» Exercise instructions
In your copy, repeat each record exactly and include no pictures.

Segment Start: Task material

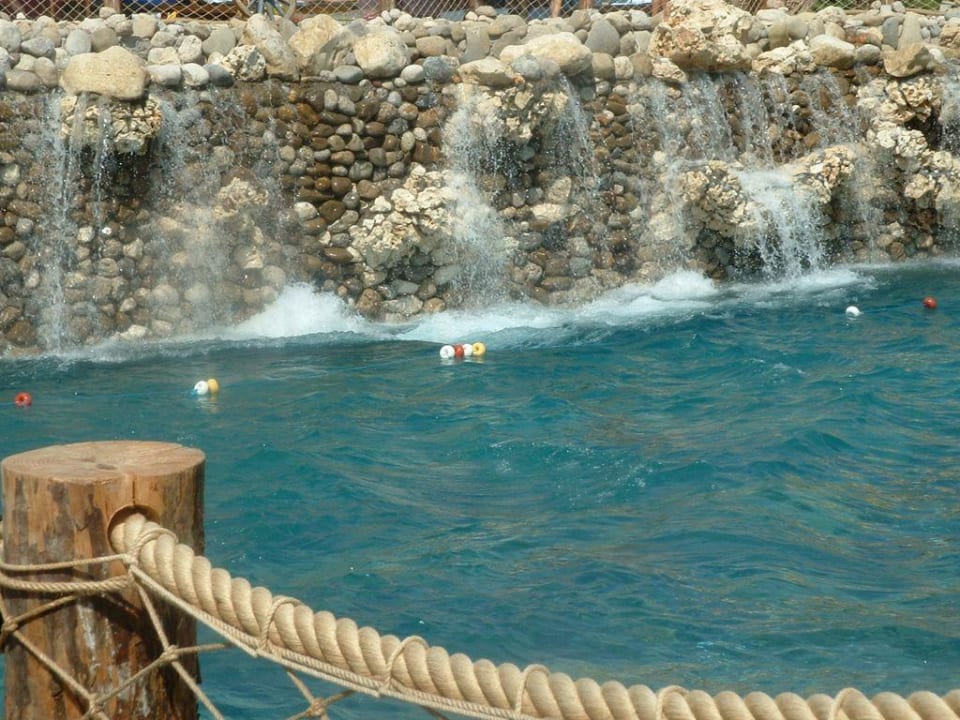 Amazon Waterworld Club Grand Side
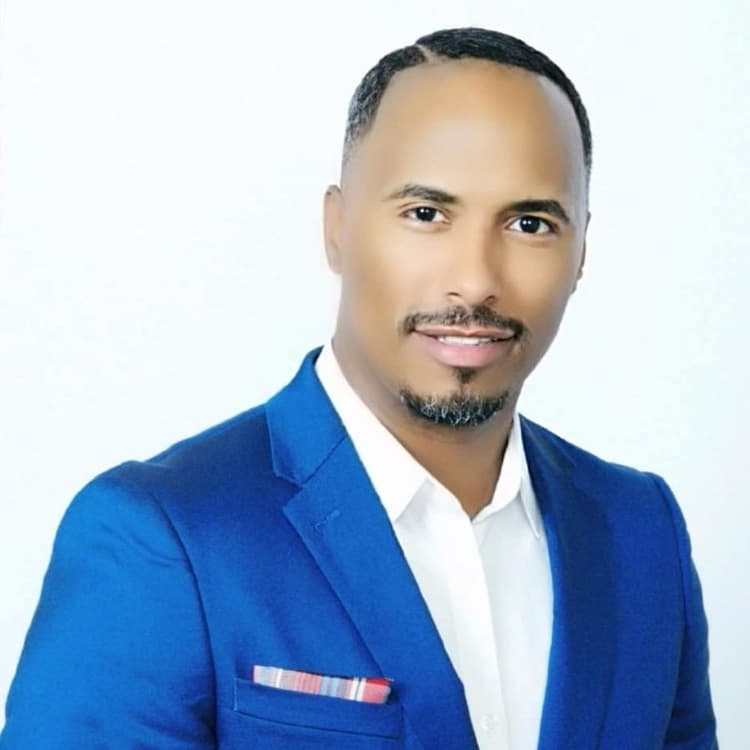 photo of agent, Gregory  Martinez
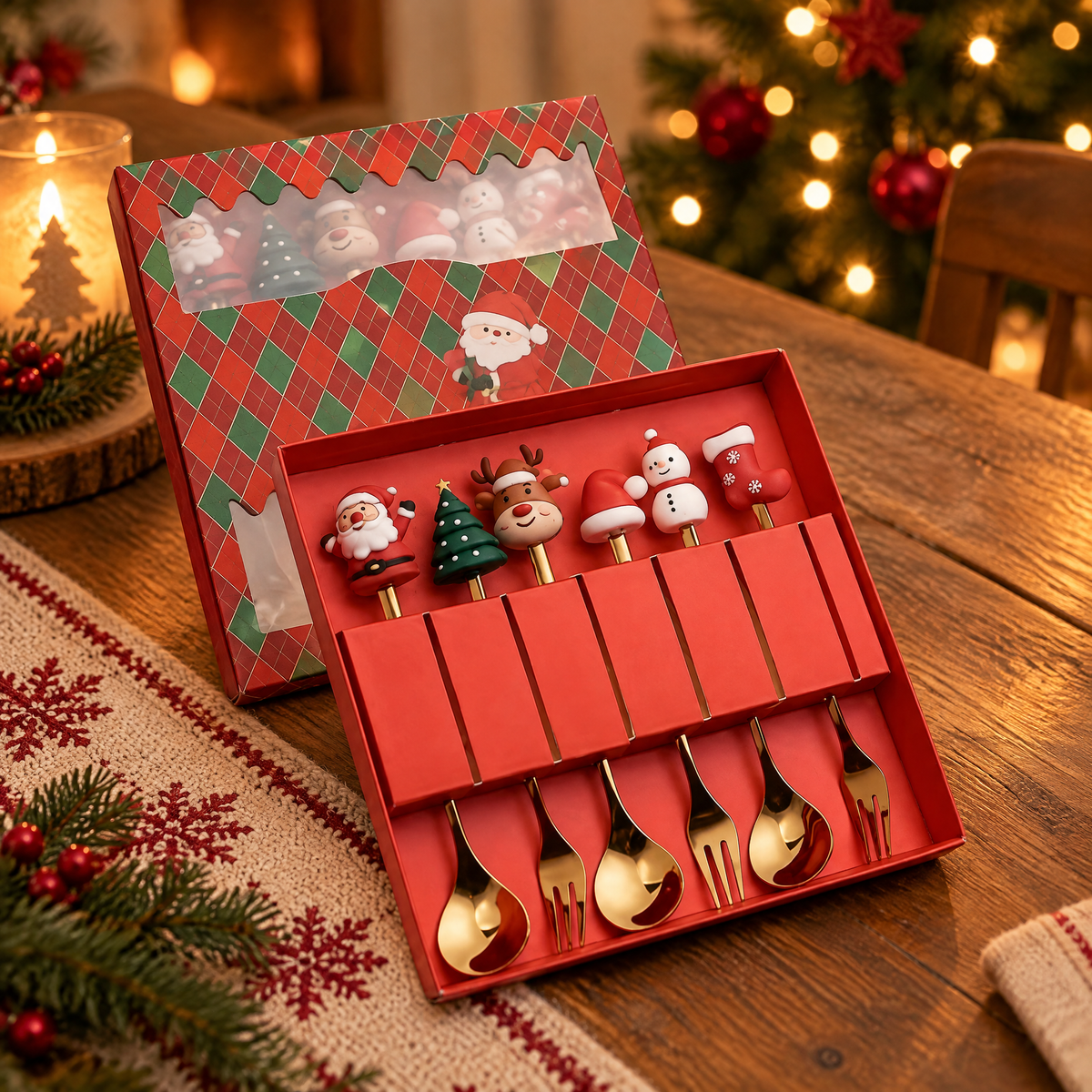 6er Set Weihnachtsbesteck Rot mit Weihnachtsmann, Tannenbaum, Rentier, Pilz, Schneemann und Stiefel in roter Geschenkbox auf dem festlichen Tisch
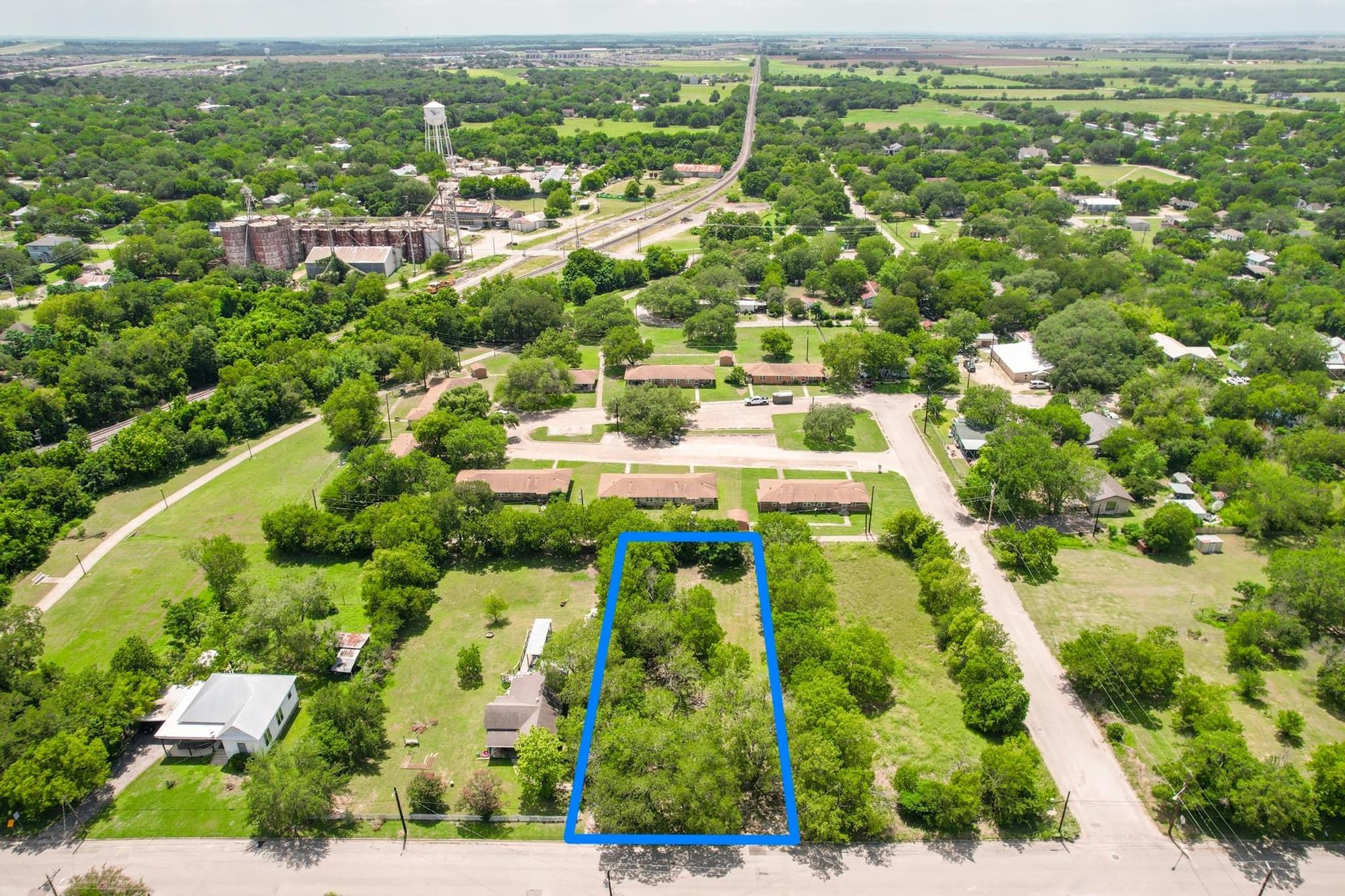 821 Blanco Lockhart TX 78644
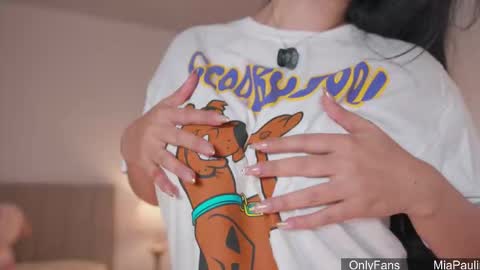 Instagram Nelyiramirez online show from March 7, 2026, 3:14 am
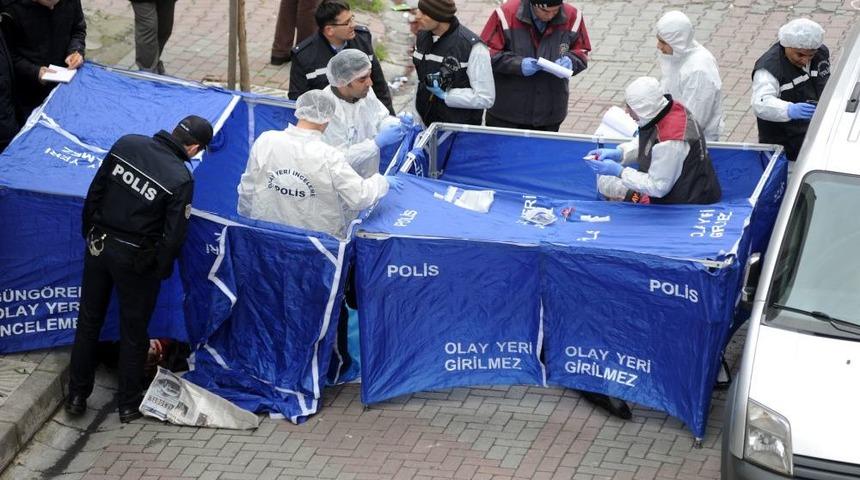 Sokak Ortasında &Ouml;ld&uuml;r&uuml;len Anne Kızın Cenazeleri Adli Tıp&rsquo;a G&ouml;t&uuml;r&uuml;ld&uuml;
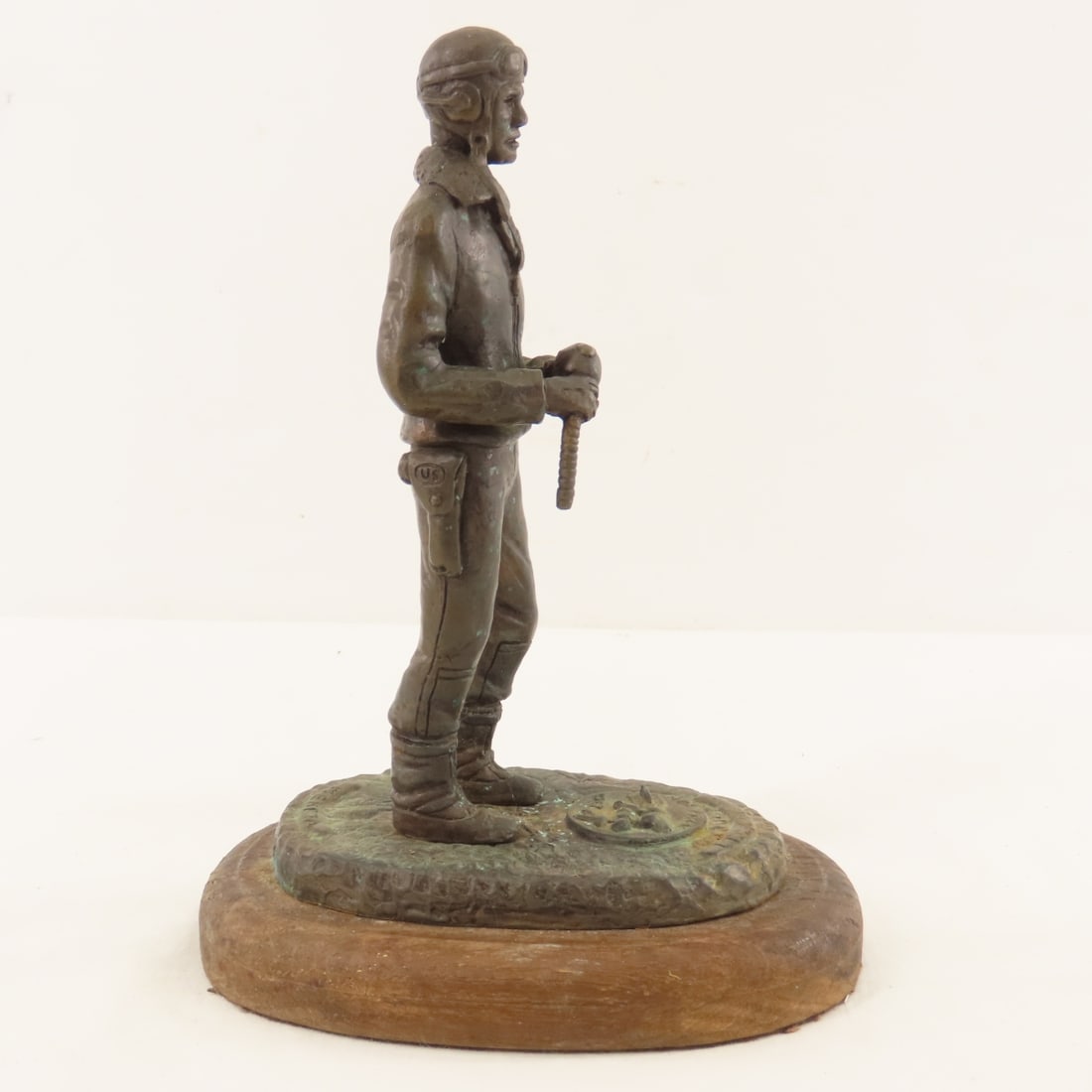 LT G.A. Olson US Military Pilot Statue - 9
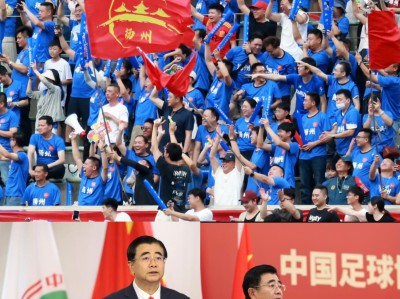 爱游戏-包含赛后足总杯传出新动向，拉齐奥再遭质疑，管理层表态——管理层满意，更衣室氛围转暖的词条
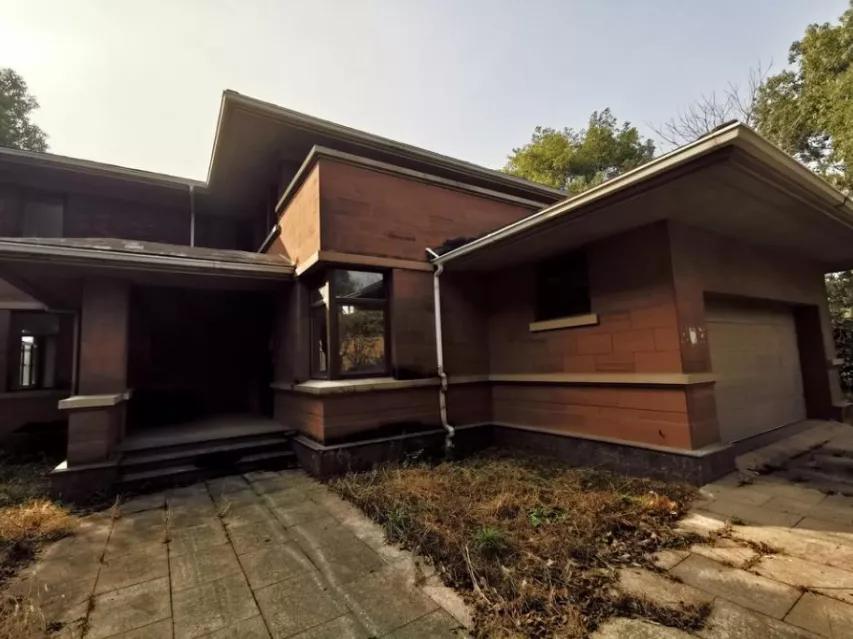 严厉调控下房价还会涨吗,狠降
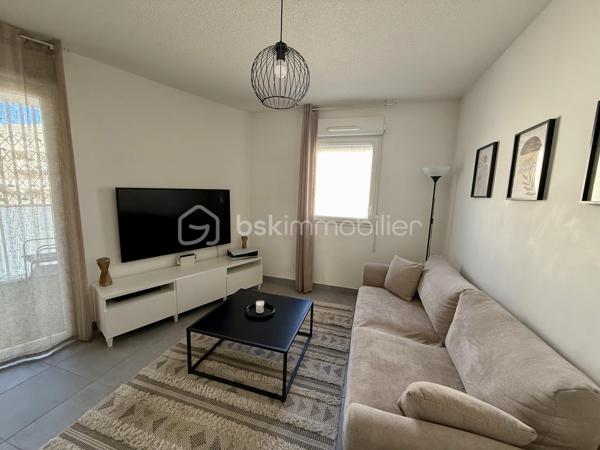 ✨ À découvrir sans tarder ! ✨
🏡 Superbe appartement lumineux de 87 m² – 4 pièces – 3 chambres 🏡

Situé au 2ᵉ étage d’une résidence récente de 2020, cet appartement moderne et parfaitement entretenu vous séduira par ses beaux volumes et sa luminosité ☀️

🔹 Pièce de vie spacieuse de 35 m²
🔹 3 belles chambres 🛏️
🔹 Entrée avec placard intégré
🔹 Salle de bains de 5 m² 🛁
🔹 WC séparé
🔹 Terrasse d’environ 15 m² exposée sud-ouest 🌅
🔹 Climatisation réversible ❄️☀️
🔹 Logement adapté PMR ♿

✅ Agencement optimisé possibilité 4 eme chambres
✅ Prestations récentes et normes actuelles
✅ Confort et sérénité au quotidien

🚗 Garage fermé en sous-sol pour plus de sécurité et de praticité.

📍 Emplacement idéal :
À proximité immédiate des commerces 🛍️, écoles 🎓, transports 🚍, espaces verts 🌳 et équipements sportifs ⚽
Accès rapide à l’A75 🚗

💰 Prix de vente : 279 000 €
💧 Charges annuelles : 2 500 € (eau + entretien copropriété)

👨‍👩‍👧‍👦 Idéal pour une famille ou un investissement locatif recherchant confort, sécurité et praticité.

📞 Visites sur rendez-vous et disponible 7/7
Pour plus d’informations ou organiser une visite :

📲 Céline Taormina – BSK Immobilier
☎️ 06 35 21 91 15
📧 c.taormina@bskimmobilier.com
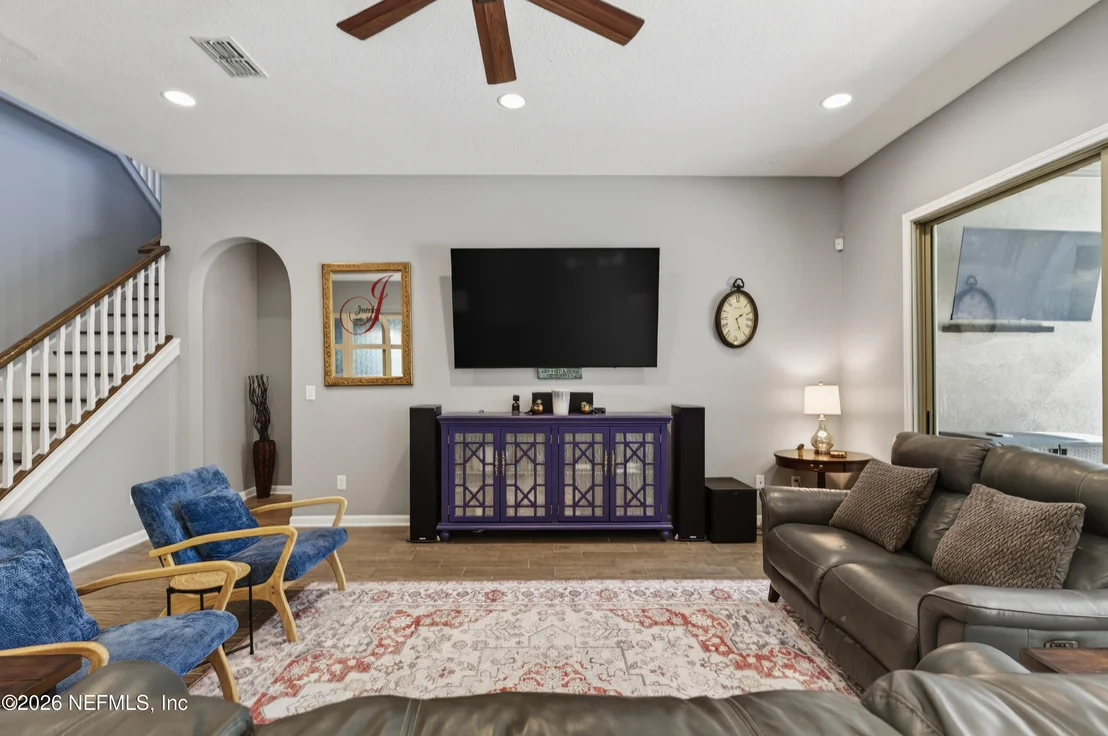 Photo of 127 EAGLE ROCK Drive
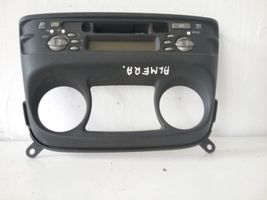 Nissan Almera N16 Radion/GPS-laitteen pääyksikön kehys 3200589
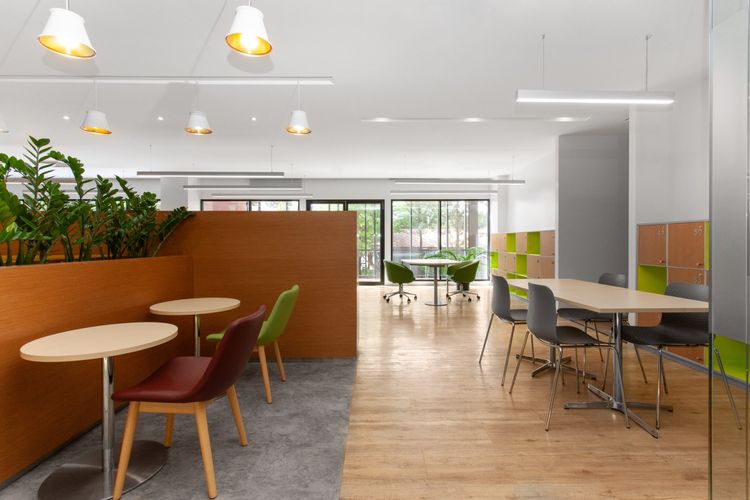 Regus Icon Park - Office Space ระดับมืออาชีพ ตามข้อกำหนดที่ให้อิสระมากขึ้นอย่างเต็มที่ 2 คน ที่ Regus Icon Park รูปที่ 2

Segment End: Task material

» Response box
 Amazon Waterworld Club Grand Side
 photo of agent, Gregory  Martinez
 6er Set Weihnachtsbesteck Rot mit Weihnachtsmann, Tannenbaum, Rentier, Pilz, Schneemann und Stiefel in roter Geschenkbox auf dem festlichen Tisch
 821 Blanco Lockhart TX 78644
 Instagram Nelyiramirez online show from March 7, 2026, 3:14 am
 Sokak Ortasında &Ouml;ld&uuml;r&uuml;len Anne Kızın Cenazeleri Adli Tıp&rsquo;a G&ouml;t&uuml;r&uuml;ld&uuml;
 LT G.A. Olson US Military Pilot Statue - 9
 爱游戏-包含赛后足总杯传出新动向，拉齐奥再遭质疑，管理层表态——管理层满意，更衣室氛围转暖的词条
 严厉调控下房价还会涨吗,狠降
 ✨ À découvrir sans tarder ! ✨
🏡 Superbe appartement lumineux de 87 m² – 4 pièces – 3 chambres 🏡

Situé au 2ᵉ étage d’une résidence récente de 2020, cet appartement moderne et parfaitement entretenu vous séduira par ses beaux volumes et sa luminosité ☀️

🔹 Pièce de vie spacieuse de 35 m²
🔹 3 belles chambres 🛏️
🔹 Entrée avec placard intégré
🔹 Salle de bains de 5 m² 🛁
🔹 WC séparé
🔹 Terrasse d’environ 15 m² exposée sud-ouest 🌅
🔹 Climatisation réversible ❄️☀️
🔹 Logement adapté PMR ♿

✅ Agencement optimisé possibilité 4 eme chambres
✅ Prestations récentes et normes actuelles
✅ Confort et sérénité au quotidien

🚗 Garage fermé en sous-sol pour plus de sécurité et de praticité.

📍 Emplacement idéal :
À proximité immédiate des commerces 🛍️, écoles 🎓, transports 🚍, espaces verts 🌳 et équipements sportifs ⚽
Accès rapide à l’A75 🚗

💰 Prix de vente : 279 000 €
💧 Charges annuelles : 2 500 € (eau + entretien copropriété)

👨‍👩‍👧‍👦 Idéal pour une famille ou un investissement locatif recherchant confort, sécurité et praticité.

📞 Visites sur rendez-vous et disponible 7/7
Pour plus d’informations ou organiser une visite :

📲 Céline Taormina – BSK Immobilier
☎️ 06 35 21 91 15
📧 c.taormina@bskimmobilier.com
 Photo of 127 EAGLE ROCK Drive
 Nissan Almera N16 Radion/GPS-laitteen pääyksikön kehys 3200589
 Regus Icon Park - Office Space ระดับมืออาชีพ ตามข้อกำหนดที่ให้อิสระมากขึ้นอย่างเต็มที่ 2 คน ที่ Regus Icon Park รูปที่ 2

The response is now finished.